Re: [pocl-devel] NVIDIA device backend for POCL

Pekka Jääskeläinen Mon, 18 Mar 2013 13:07:45 -0700

Hello Peter,

On 03/18/2013 07:22 PM, Peter Colberg wrote:
> In case you are familiar with the OpenCL support of the NVIDIA driver,
> it has not been getting any better with the recent CUDA 5.0 release.
> As I had to experience, their OpenCL implementation seems to be
> serial, which prevents multi-GPU scheduling, or kernel execution and
> memory transfer overlapping, when using a single host thread. I fear
> the worst case, that OpenCL support would eventually be dropped
> entirely.


I've heard about this. It's unfortunate, but understandable
business-wise for the leading player in the GPU compute game.
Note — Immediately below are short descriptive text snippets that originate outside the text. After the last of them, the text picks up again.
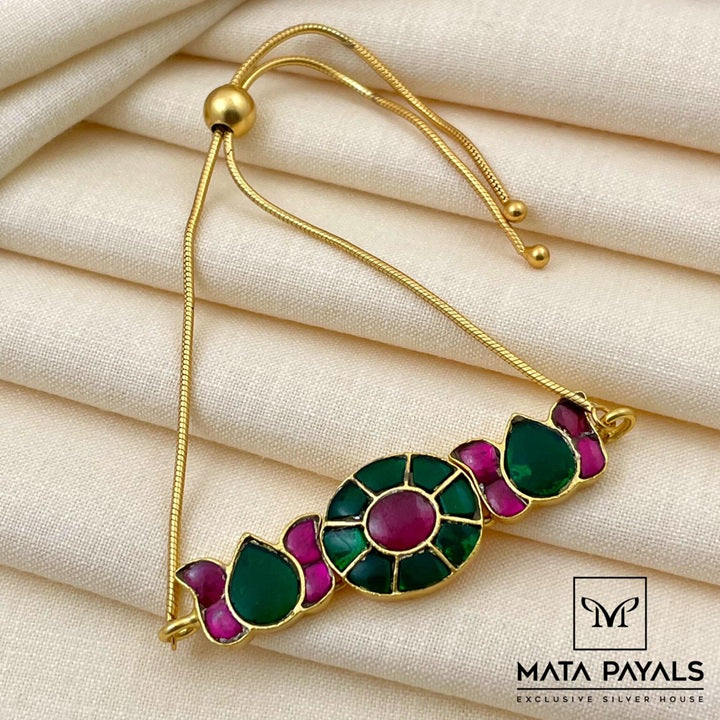 Kundan Louts Gold Plated Bracelet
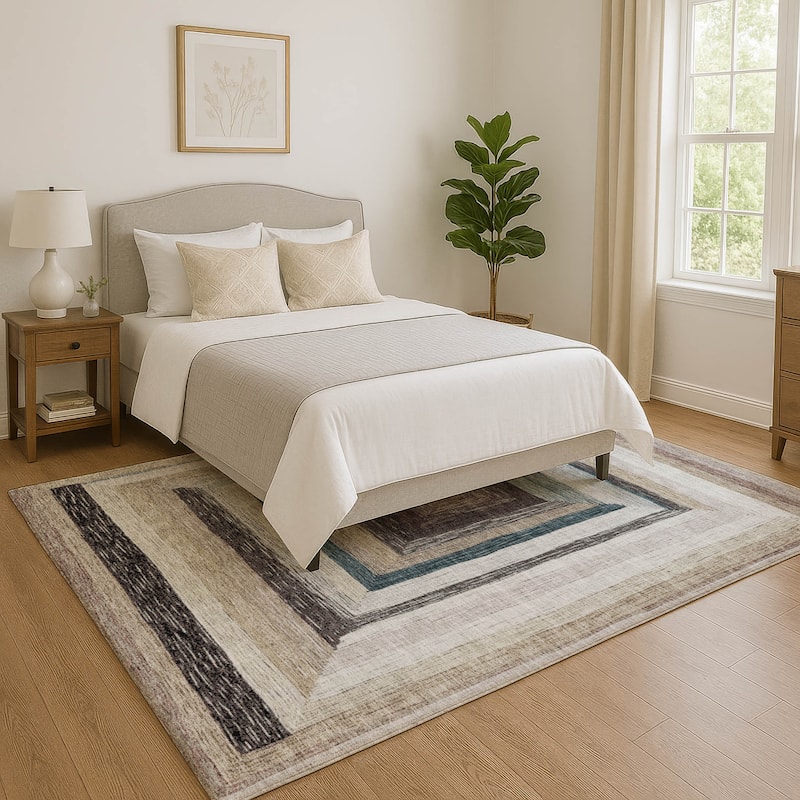 Premium Washable Super Soft Modern Dimensions Mayfield Rug - Beige - 3' x 5'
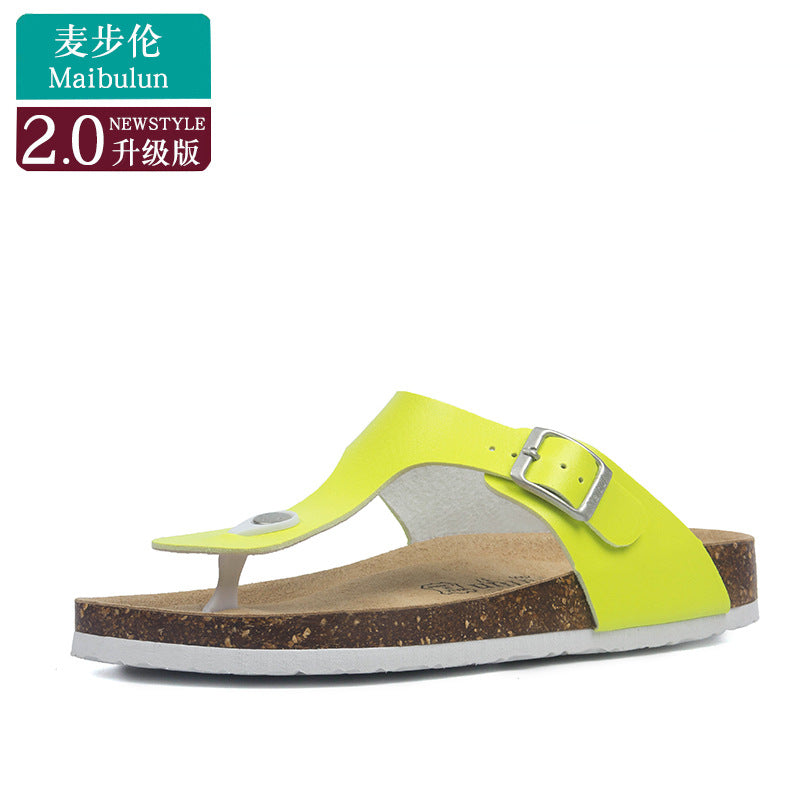 Cork Slippers Men and Women Couples Beach Home Outdoor Flip-flops Boken Shoes Summer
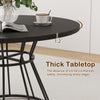 Round dining table with a 1.2” thick MDF wooden tabletop and robust metal frame, perfect for 4-6 persons in any setting.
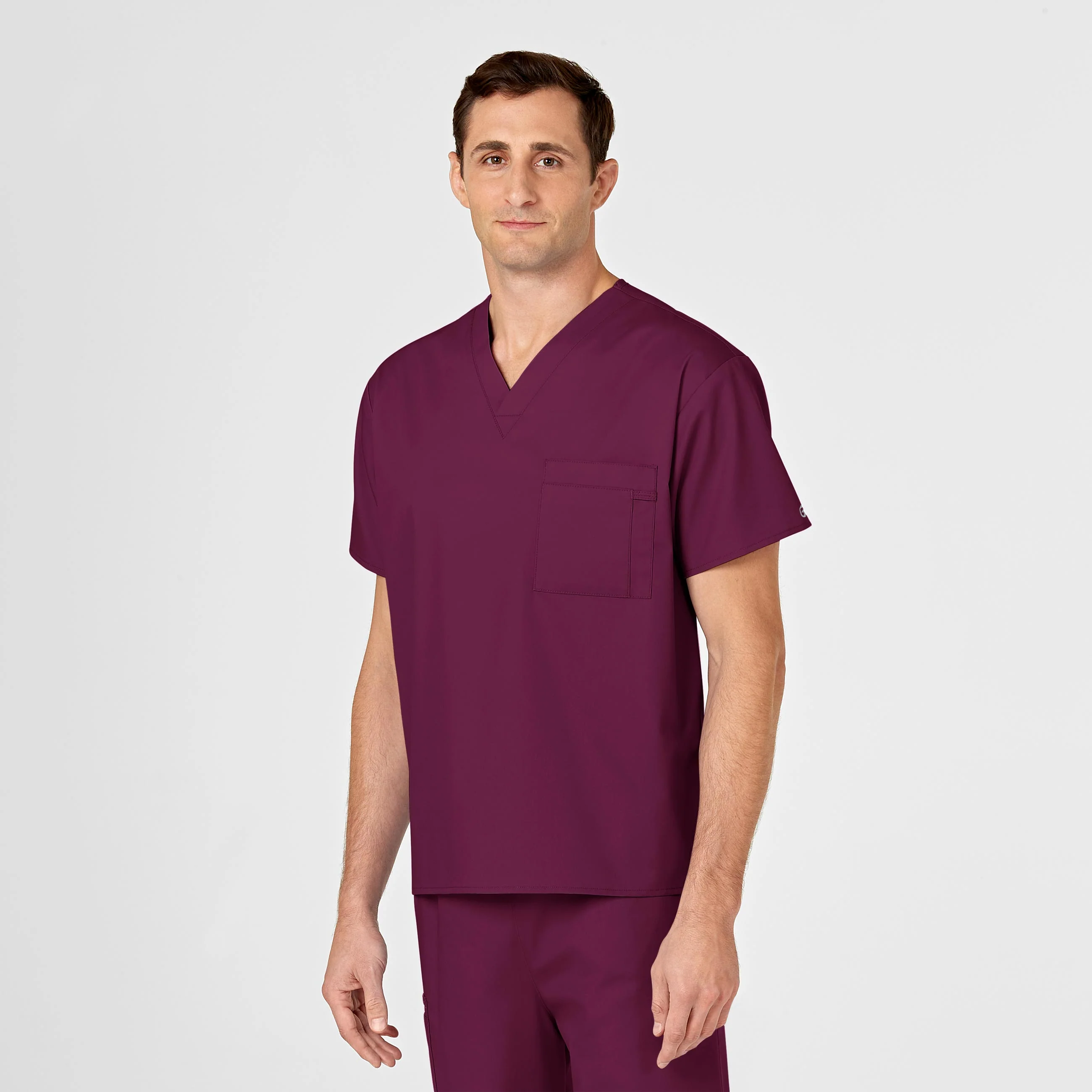 WonderWORK Unisex V-Neck Scrub Top - Wine - Image 7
Of course that's bad news for the end users who could really
benefit from a wide-spread and well-supported open heterogeneous
compute API without vendor lock-in. Let's hope we can improve
the situation with pocl.

> A PTX device backend to POCL would allow users to develop portable
> OpenCL (1.2) codes now, and run them on existing installations of
> NVIDIA GPUs using the CUDA driver, until we have mature open-source
> support for AMD and NVIDIA GPUs in distributions.
>
> What do you think about this idea? Does the CUDA driver API expose
> enough functionality to implement OpenCL? How difficult would it
> be to use the NVPTX backend of LLVM for compilation?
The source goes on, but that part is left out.